# Jドリーム

## 基本情報

- 著者: 塀内夏子
- 連載: 週刊少年マガジン
- ジャンル: 少年漫画、サッカー、スポーツ
- 評価: 8.4/10
- 完結済み
- 最終更新日: 2026年08月30日
- 元ページ: https://mangayoshiashi.com/manga/bfec1af8-9ed8-484f-adac-161bdf844120

## あらすじ

Jリーグ開幕を翌年に控えた日本。プロ化の波にどこか戸惑うベテランMF本橋の前に、鳶職上がりの十六歳・赤星鷹が現れる。入団テストに一度は落とされた少年は、並外れたバランス感覚を買われて拾い上げられ、やがて史上最年少で日本代表に呼ばれる。ワールドカップがまだ遠い夢だった時代、アジアに与えられた枠はたった二つしかない。利用し、欺き、削り合い、それでも走り続ける男たちの予選が始まる。若さと衰え、夢と現実。ゆずり葉のように世代がすれ違う一瞬を、これほど切なく描いた少年漫画がかつてあった。骨が折れても、膝が笑っても、彼らは前へ出る。ドーハの夜まで駆け抜ける、日本サッカーの原風景！

## この漫画を読むのに向いている人

- **ワールドカップが夢物語だった時代の日本代表**を知っていて、あの熱をもう一度たどりたい人
- **ベテランと若手がぶつかる世代交代のドラマ**に弱く、去っていく側の背中まで見届けたい人
- 必殺技のないリアル路線が好みで、**駆け引きと怪我のなまなましさ**まで含めてサッカーを読みたい人

## この漫画を読むのに向いていない人

- **きれいに畳まれた結末**を大事にしていて、駆け足で終わる幕引きにがっかりしてしまう人
- 絵柄の好みがはっきりしていて、**少女漫画寄りの線で描かれる少年スポーツ漫画**にどうしても入り込めない人
- **時代がかった主人公の素行**が気になってしまい、喫煙や賭け事の描写で気持ちが冷めてしまう人

## 良い所

- 十六歳の天才という設定を除けば、試合の運びはとことん現実的だ。
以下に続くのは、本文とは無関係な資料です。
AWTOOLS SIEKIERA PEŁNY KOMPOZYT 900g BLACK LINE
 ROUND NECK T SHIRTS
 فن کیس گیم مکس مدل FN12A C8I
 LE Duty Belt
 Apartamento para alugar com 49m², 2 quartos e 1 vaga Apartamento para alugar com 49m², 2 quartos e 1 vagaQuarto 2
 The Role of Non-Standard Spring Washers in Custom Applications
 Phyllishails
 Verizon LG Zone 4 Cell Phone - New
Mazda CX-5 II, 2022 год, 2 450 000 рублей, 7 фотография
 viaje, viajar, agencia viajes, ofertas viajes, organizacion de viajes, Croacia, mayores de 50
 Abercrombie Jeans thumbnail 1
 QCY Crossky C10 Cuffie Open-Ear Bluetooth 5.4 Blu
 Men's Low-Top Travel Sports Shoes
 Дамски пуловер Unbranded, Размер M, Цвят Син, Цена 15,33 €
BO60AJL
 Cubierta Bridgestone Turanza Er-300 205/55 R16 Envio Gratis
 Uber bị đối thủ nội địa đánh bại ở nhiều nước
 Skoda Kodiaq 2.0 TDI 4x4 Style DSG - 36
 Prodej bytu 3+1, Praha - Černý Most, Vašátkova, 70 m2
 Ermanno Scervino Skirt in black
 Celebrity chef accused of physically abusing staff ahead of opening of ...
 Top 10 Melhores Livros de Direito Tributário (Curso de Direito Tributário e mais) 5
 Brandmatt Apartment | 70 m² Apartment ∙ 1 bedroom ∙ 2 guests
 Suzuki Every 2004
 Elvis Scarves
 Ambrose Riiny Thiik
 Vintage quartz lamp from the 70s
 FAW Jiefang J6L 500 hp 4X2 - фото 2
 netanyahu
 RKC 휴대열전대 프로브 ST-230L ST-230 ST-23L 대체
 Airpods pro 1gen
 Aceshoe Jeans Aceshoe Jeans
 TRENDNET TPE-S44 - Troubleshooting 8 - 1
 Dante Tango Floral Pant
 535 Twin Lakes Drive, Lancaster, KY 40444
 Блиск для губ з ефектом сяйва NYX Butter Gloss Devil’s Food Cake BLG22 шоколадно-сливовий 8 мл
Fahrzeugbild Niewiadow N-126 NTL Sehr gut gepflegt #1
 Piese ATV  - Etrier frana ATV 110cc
**必殺シュートに頼らない駆け引き**だけで最後まで読ませるので、大人が読んでもちょうどいい。
- **骨が折れても守り続けるベテラン**の姿には、何度読んでも泣かされる。若い世代へ手渡していく側の重みは、年を取るほど深く刺さってくるから不思議だ。
- 全員が幸せに終わるわけじゃない。夢の途中で去っていく者まで書き残しているから、この話は信用できる。**サッカーを借りた人間ドラマ**として読める一本。
- 「まだ十分ある」と見守る側と、「もう十分しかない」と走る側。**同じ時間が正反対に流れる描き方**が唸るほどうまい。運命を自分で決められる者との差が、そこにある。
- アジアに二つしかない椅子を奪い合う予選は、きれいごとで済まない。利用し、欺き、削る。少年誌がここまで踏み込んだ、**大人が背負う勝負のえげつなさ**。

## 悪い所

- 同じ作者の前作と、**人物の描き分けや話の骨格が似すぎている**のは否めない。高校かプロかの違いくらいしかない場面すらある。前作を読んだ人ほど戸惑うはず。
- **少女漫画寄りの線と目の描き方**が、読みはじめの入口ではどうにも受けつけない。読み進めるうちに気にならなくなるとはいえ、ここでつまずく人はいるはず。
- 十六歳が代表で無双するあたり、**主人公の突き抜けた強さ**はさすがに出来すぎだ。試合描写の細部にも取り違えらしき箇所があり、そこはどうにも惜しい。
- **打ち切りのような幕の下ろし方**には、正直かなりがっかりさせられる。プレーの格好よさが大好きなだけに、終わりまで含めて振り返ると評価は一段下がる。
- 未成年の喫煙やスリ癖、野宿暮らし。**九〇年代そのままの主人公像**は、いま読むとかなり引っかかる。現役代表が子ども相手に金を賭ける場面まで出てくる。